A Greater Music

Music serves as a vivid and tactile metaphor for the universality of language and human emotion in Bae Suah's haunting novel of memories and regret over lost love. A Greater Music focuses on a Korean writer recalling a road trip in the German countryside with her sickly lover M, a woman who tutored the writer in German and whose twin loves of music and literature matched her own interests.

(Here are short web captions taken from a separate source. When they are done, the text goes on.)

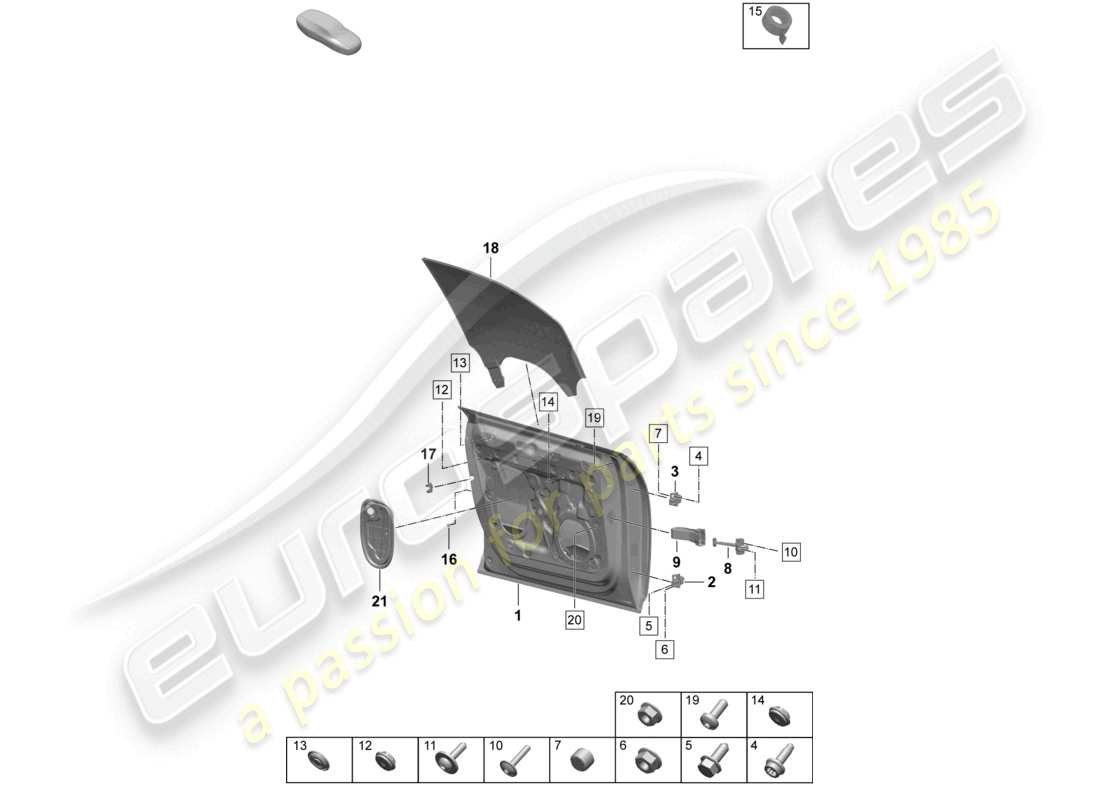part diagram containing part number 95c831051 ygrv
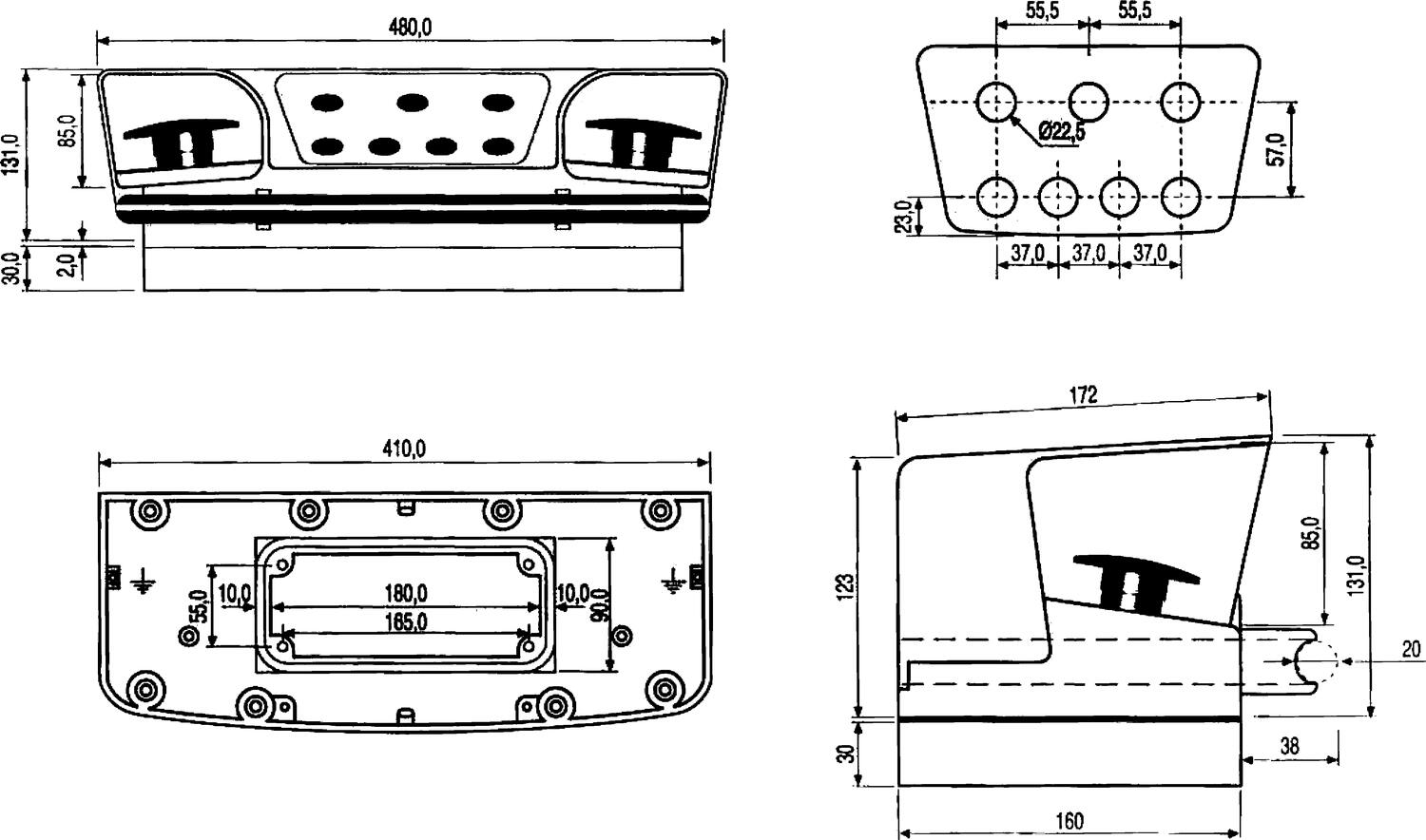PCB3 mittakuvat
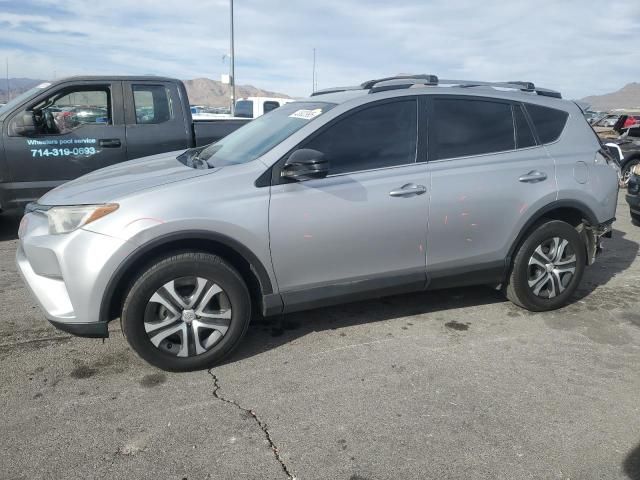 2017 Toyota Rav4 LE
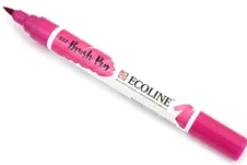 Ecoline Brush Pen > Marcador Ponta Pincel Magenta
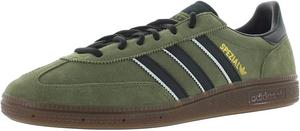 Мужские кроссовки adidas Handball Spezial, белый/черный/зеленый/оливковый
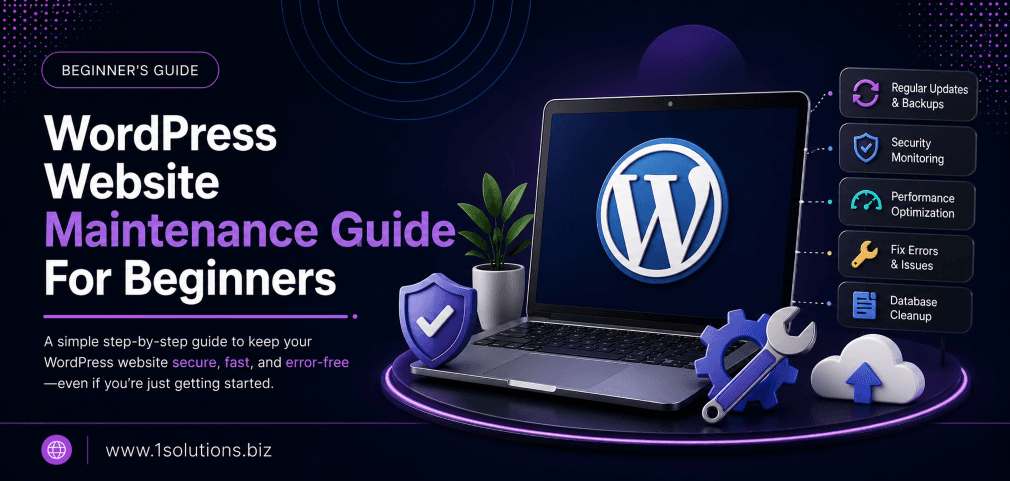 WordPress Website Maintenance Guide For Beginners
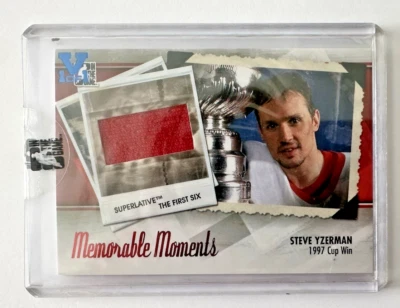 2013 ITG Superlative The First Six Steve Yzerman Memorable Moments Vault 1/1 — 第 1/2 张图片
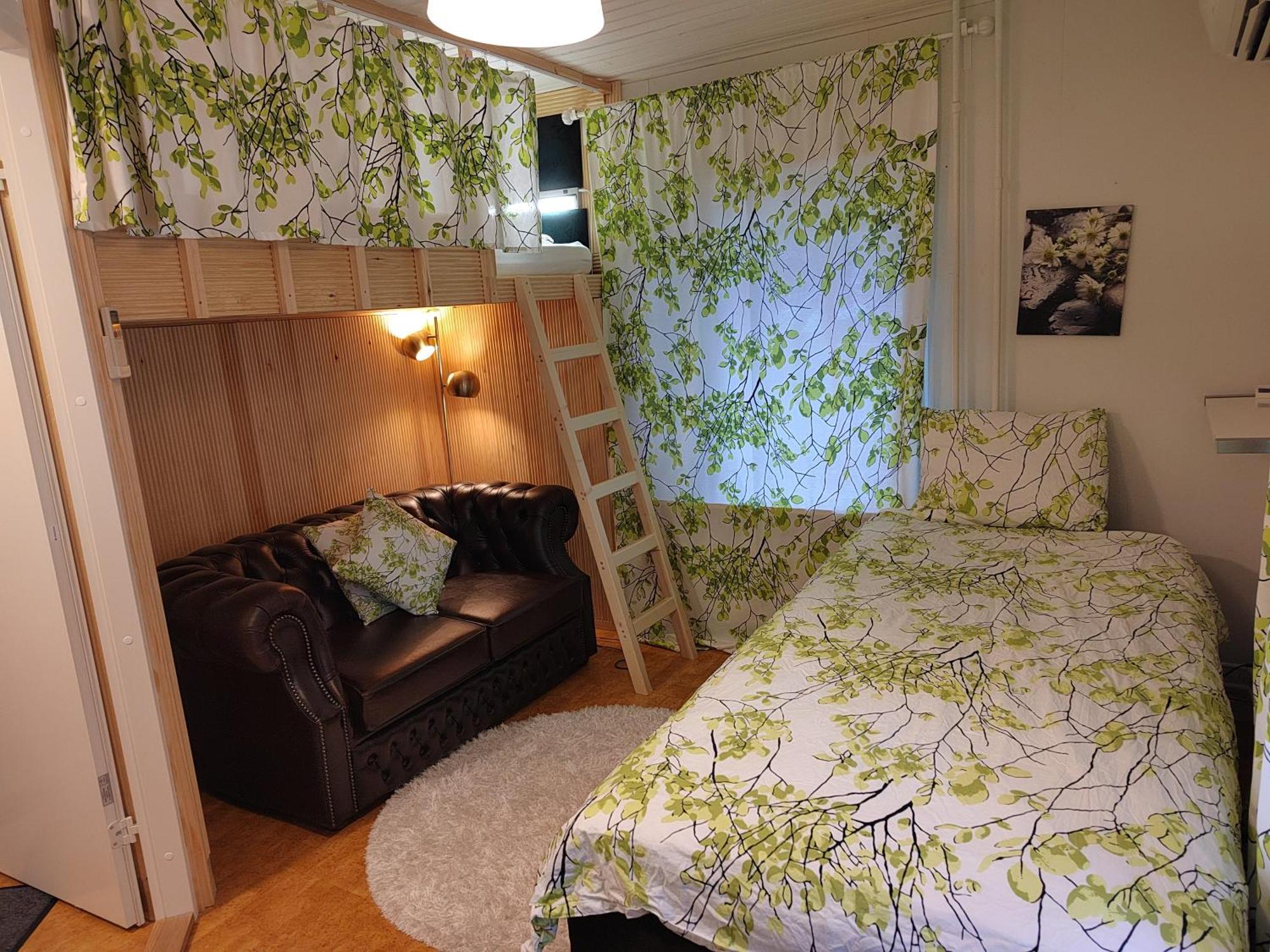 Private With Sauna Themed Bedroom, Private Jacuzzi, Center By Train 15min * Helsinki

The story weaves between her memories of M and two future moments: one when the writer has nearly drowned in an icy lake, and the other when she has abandoned M and is cohabiting with Joachim--an on-again, off-again, penny-pinching boyfriend who is quick to blame the writer for the slightest perceived grievances. Joachim leaves the writer to take an apprenticeship as a welder, and the writer is left alone to wander the streets of Berlin and ruminate over her failed relationship with M. She indulges in digressions about the artistic superiority of composers Dmitri Shostakovich and Bernd Alois Zimmermann and writer Jakob Hein; she contrasts them with what she perceives as the banality of conventional interests and "mental shallowness, poverty of thought" among the masses--until she comes to realize her painful role in "the greater music" of M's heartache.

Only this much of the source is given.